When thinking of click fraud and related issues, it is essential to consider a number of areas, first there are the physical attacks that come from human such as “Paid to Read” and “Pay to Click” sources. Looking at correlations from time and location I would look at correlation browsing patterns to find sources that are likely to be engaging in unacceptable activities.
If the cost of directly paying or coercing a human to click on a banner is less than the returns of clicking on the banner fraud will occur. Reference sources and referrers sites could be a pornographic site as well with many sites offering access to porn if they solve CAPTCHA’s for instance.
Impression spam comes about as a consequence of HTTP requests for web pages that contain advertisements, but that do not inevitably match up to a user viewing the page. A web crawler or “scraping” program could be used to issue an HTTP re-quest for a web page that happens to contain a banner. Statistically, this variety of request could be distinguished from those requests issued by human users as the banner requests would not correlate to the other images and calls made by the page.
Next there are invalid clicks – these occur due to malicious intent from either “advertiser competitor clicking” or “publisher click inflation”. I see advertiser competitor clicking being the type that is a problem in this instance.
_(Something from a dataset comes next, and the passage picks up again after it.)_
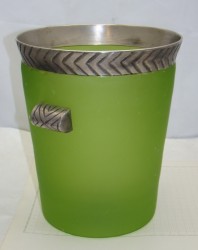 Ведерко большое стеклянное (V990)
For this it would be necessary to analyse click sources against competitor keywords.
Next there is the issue of Tor networks and open Proxies and also those that strip cookies, modify identifying information and change requests. Infected cyber-cafes are also an issue. However, source address location to client market may be used in many cases to determine fraud. Also, over time these are likely to succumb to analysis.
Next there are the particular robotic attacks that could be deployed. I would be checking for signs of “bots”. There is a possibility of invalid user-agent string or unlikely fields in the headers of the HTTP requests. The statistical distribution of the user-agent string should have some correlation to the distribution of browsers.
Clickbot networks have a level of predictability as do for-sale/ for-rent botnets.
“Forced browser clicks” are more difficult. This is more likely to require offline detection. The aggregate set of clicks should correlate to the distribution of files on the web server.
Next there are a number of other areas to consider:
- Covert_TCP and other covert channel methods,
- DNS rebinding attacks
- Distributed malware
- XSS, Flash with HTTP calls, etc
Some other considerations would have to include p0wf (Passing Fingerprinting of Web Content Frameworks) and time based correlations.